JOB DESCRIPTION
Customer is building an edge (80%) and cloud (20%) application for safe automation and
optimization of Well Construction processes. Read about the product - DrillOps at our website.
There are teams located in US, China, France, Georgia.
SRE mission
Building the foundation for modern ops. By using available monitoring system, the SRE will
analyze design and propose way to improve the environment monitoring including the right
and wrong things to monitor and why. The problem SRE will need to solve for our team make
available in Cloud current state of each edge deployment (system health, SLI, performance).
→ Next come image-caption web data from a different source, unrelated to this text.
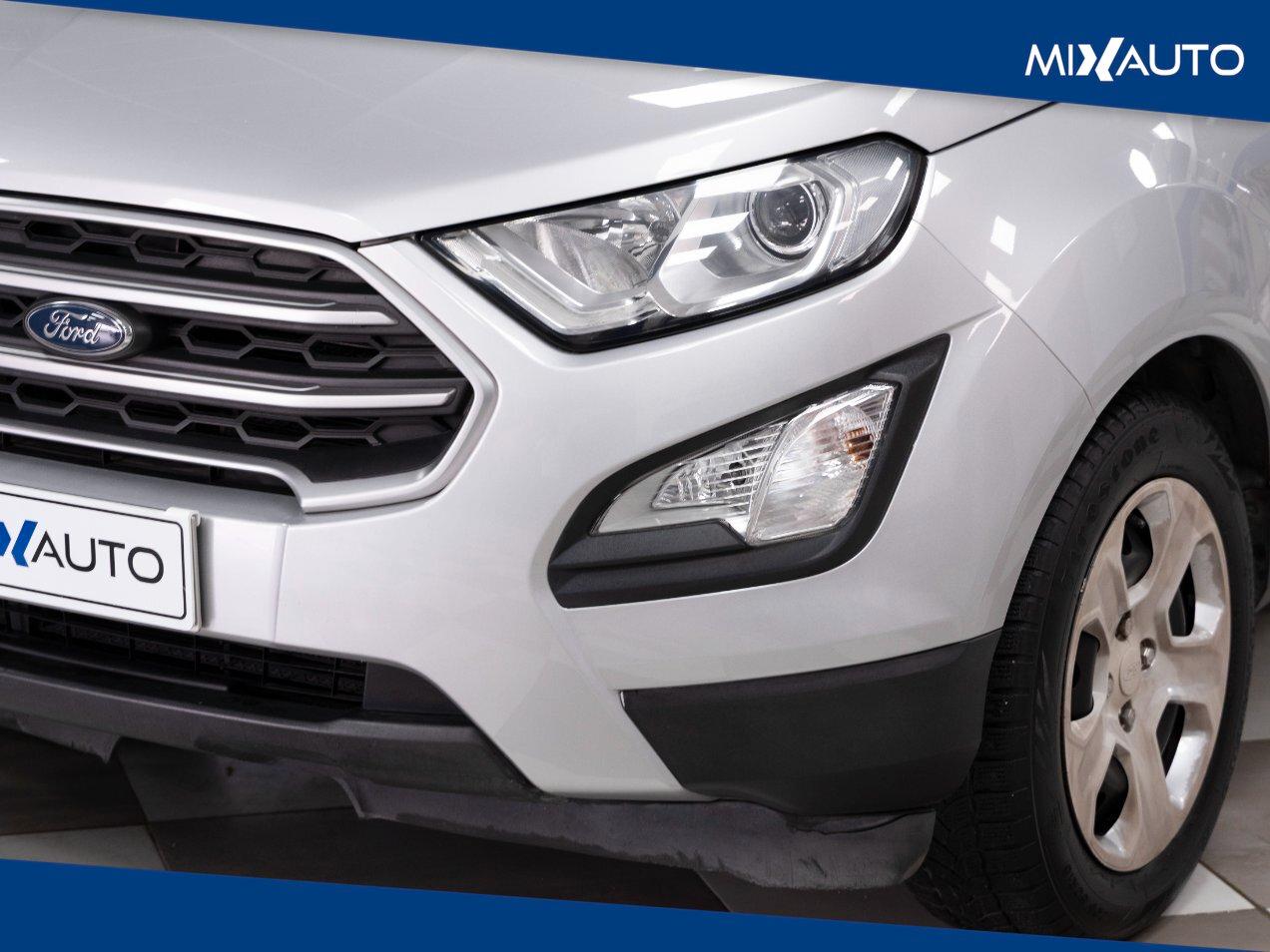 Ford EcoSport 1.5 EcoBlue Business S&S 100CV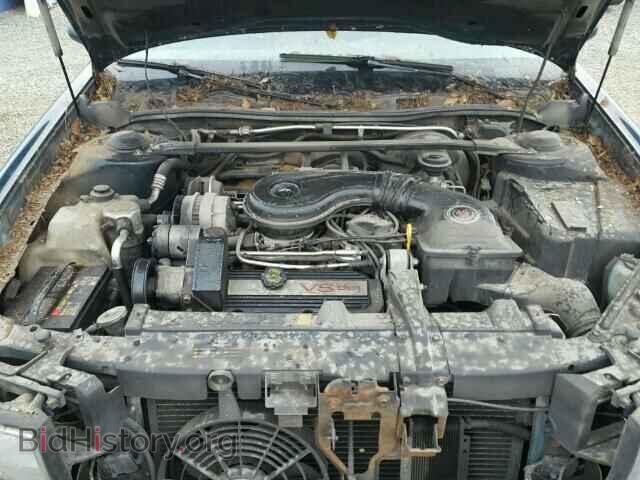 1995 CADILLAC DEVILLE - VIN: 1G6KD52B0SU229902 - Photo 7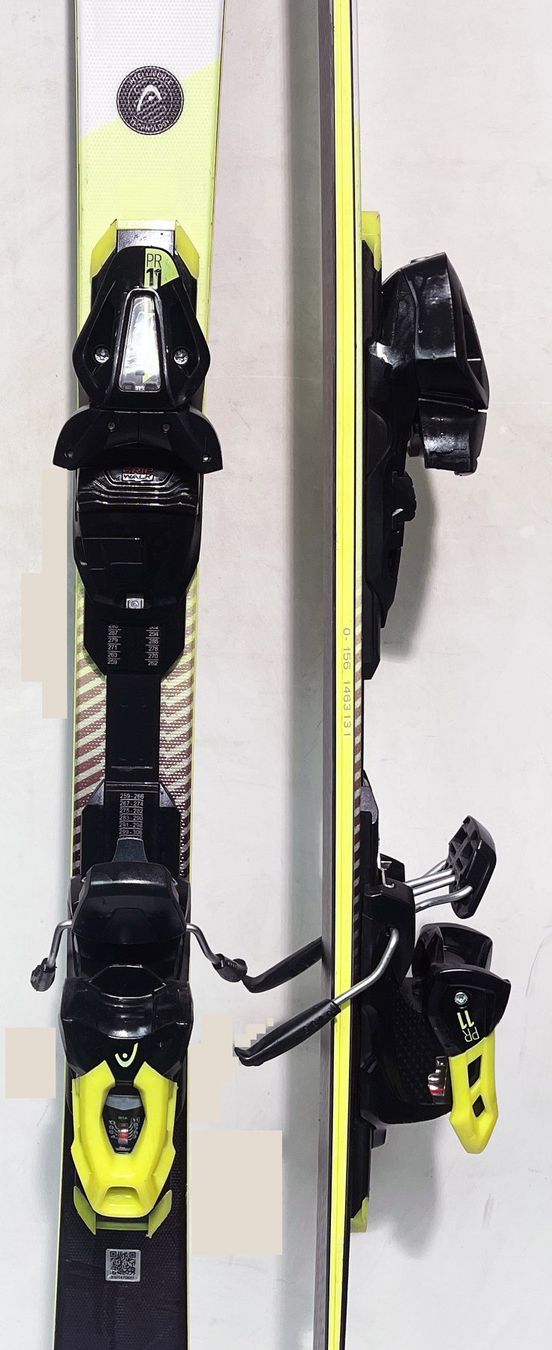 HEAD i SHAPE REBELS PRO 156 cm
SRE
should be able to identify product issues as they arise in production/test environments and
create automated (as much as possible) solutions for fixing the issues to keep incident
management sustainable.
Responsibilities
- In charge of maintaining/improving product monitoring system
- Incident response management (troubleshooting, resolution, documentation, post-mortem analysis)
- Knowledge sharing on the lessons learnt
- Be a bridge between operations and development?
?Key Requirement Engineers with existing SRE experience - most of SREs have cloud products
background, and our focus is Edge.
Experience required
- Building solutions from scratch
- Writing code to automate processes (log analysis, testing production environments, alerts
automation)
- Expertise in cloud providers
Tools
Incident management/on-call: PagerDuty
Logging: ELK/Kibana, SEQ logging
Language: Python, C#, scripting.
Database: SQL,Mongo
Network: Basic network knowledge (inbound/outbound and fw rules)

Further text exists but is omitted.